David Gemmell. Ironhand’s Daughter

Sigarni looked up into the hooded eyes. Her mouth tasted of blood. ‘Call him yourself,’ she said, then spat full in his face. Blood and saliva dripped to his cheek. Taking a black handkerchief from the pocket of his tunic, he slowly wiped the offending drops from his face. ‘You see,’ he said to the gathered men, ‘with what we are dealing? A people who have no understanding of law, or good manners. They are barbarians, without culture, without breeding.’ His hand lashed out in a backward strike that cannoned his knuckles against Sigarni’s right cheek. ‘Call the bird!’ he ordered. ‘And if you spit at me again I will have your tongue cut out!’

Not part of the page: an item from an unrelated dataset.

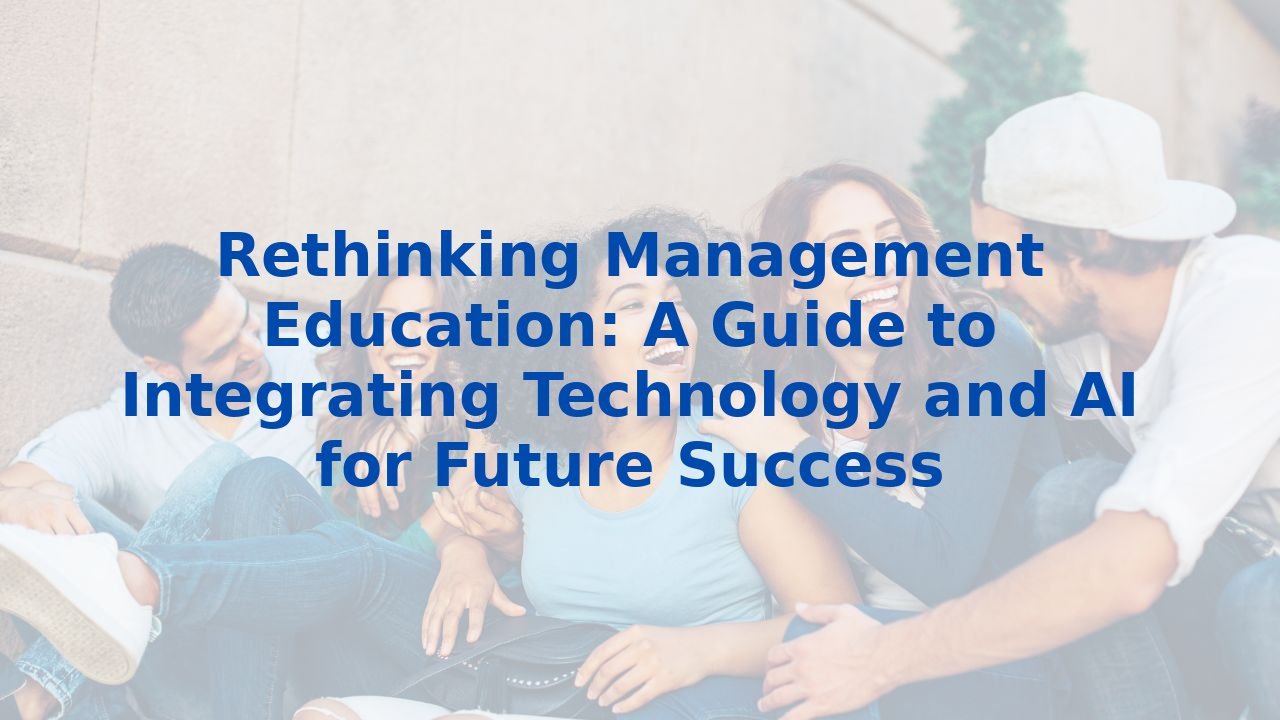 Rethinking Management Education: A Guide to Integrating Technology and AI for Future Success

Sigarni remained silent. The Baron turned to his falconer, a short, wide-shouldered Lowlander. ‘Can you call it in?’ he asked.

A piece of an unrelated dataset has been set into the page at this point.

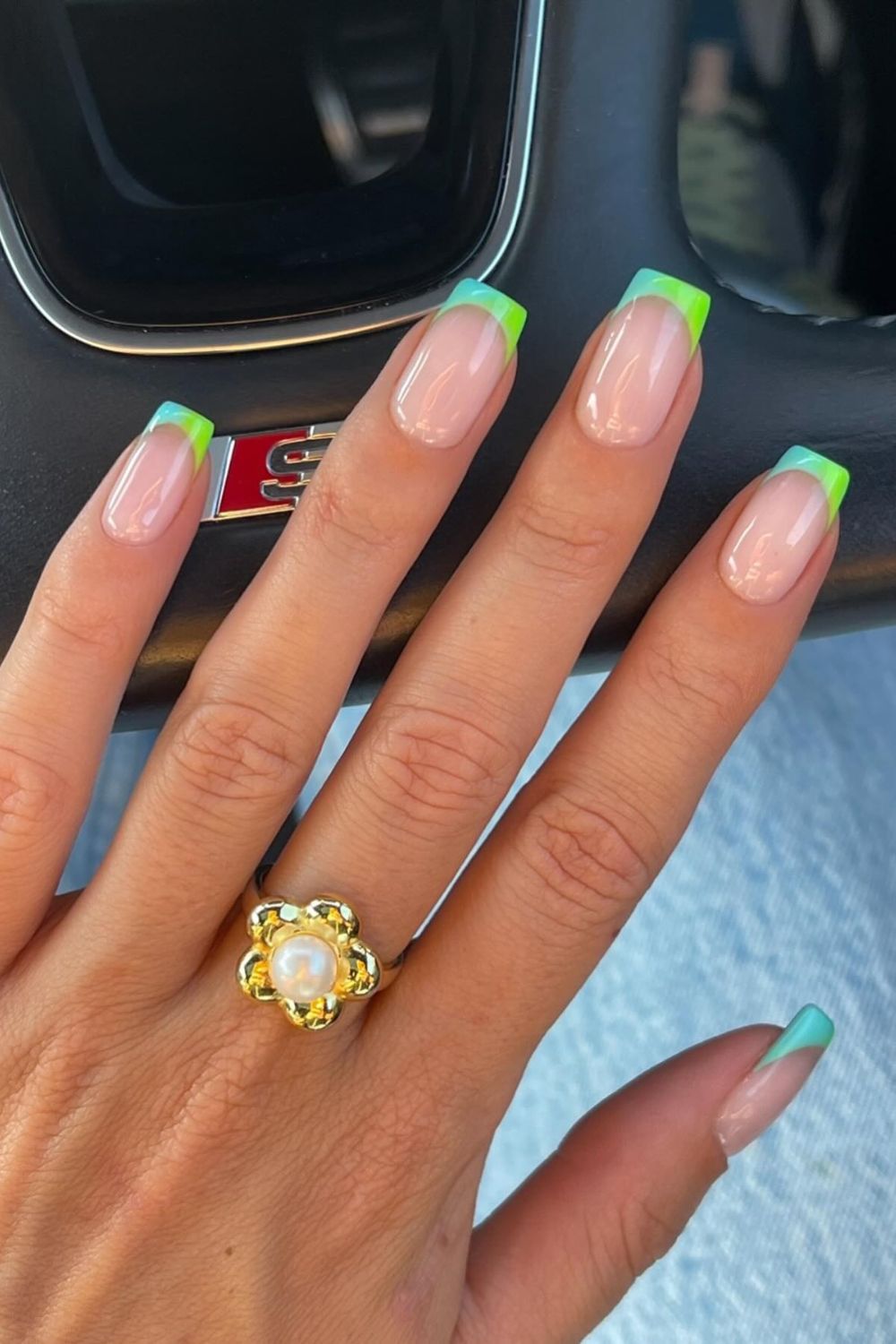 Neon Green Block Tips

Ill do my best, my lord,’ he answered, moving out on to the open ground with hawking glove aloft. He gave a long, thin whistle. High above, Abby banked and folded her wings into a stoop to dive like an arrow. Some sixty feet from the ground her wings spread again and she levelled out. ‘She’s coming in, sir!’ shouted the falconer.

The Baron turned back to Sigarni. ‘Ten lashes for you, I think, and a night in the cells. Perhaps you will learn from the experience, though I doubt it. You Highlanders never were given to learning from your mistakes. It is what makes you what you are.” Casually he struck her again, left and right, his arm rising and falling with a sickening lack of speed. Sigarni tried to roll her head with the blows, but the soldiers were holding hard to her arms.

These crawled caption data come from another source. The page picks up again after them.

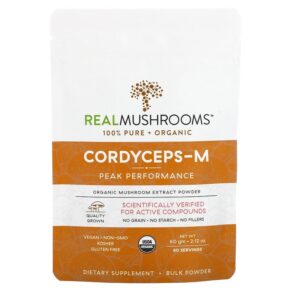 Thực phẩm chức năng Real Mushrooms Cordyceps-M Organic Mushroom Extract Powder 2.12 oz (60 gm) 627843438748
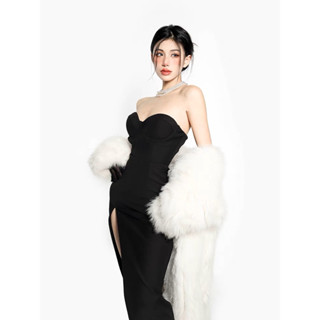 Váy ôm body cúp ngực xẻ tà có mút ngực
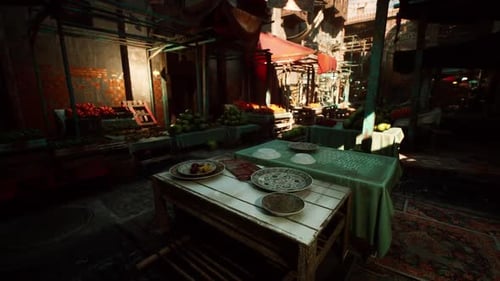 Animated Market Street View with Fresh Produce Stalls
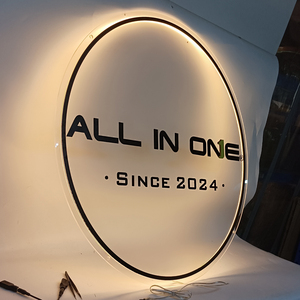 Custom LED Backlit <b>Acrylic</b> Neon Sign Wedding Advertising Shop Sign <b>Board</b> Business with Round Logo Decoration Lights - Product Image 5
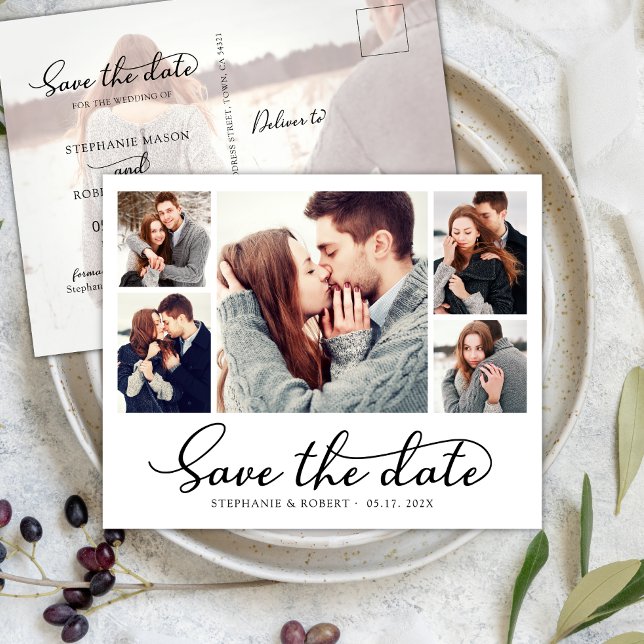 Budget Chic 5 Foto Collage Wedding Save the Date Ankündigungspostkarte (Von Creator hochgeladen)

And then it happened. No one watching quite understood why. Some blamed confusion in the mind of the hawk, others maintained the woman was a witch, the hawk her familiar. But Abby swept down, past the falconer’s outstretched glove and straight towards Sigarni, talons extended for the landing. At that moment the Baron’s fist came up to strike the woman again.

‘The hawk, my lord!’ shouted the falconer.

The Baron turned, arm still raised. Abby’s razor-sharp talons tore into his face, hooking into the left eyebrow, raking down through the socket and tearing out his eye. He screamed as he fell back, the hawk still clinging to his face, her talons embedded in his left cheek. Abby’s wings thrashed madly as she tried to free herself. The Baron’s hands came up, grabbing the wings and ripping the bird clear. Blood gushed from the face wound. Staggering now he threw the bird to the ground, and Sigarni watched in horror as one of the riders drew a sword and hacked it through Abby’s neck. The wings fluttered against the clay. Men gathered round the Baron, who had fallen to his knees, pressing the palm of his black glove against the now empty eye-socket.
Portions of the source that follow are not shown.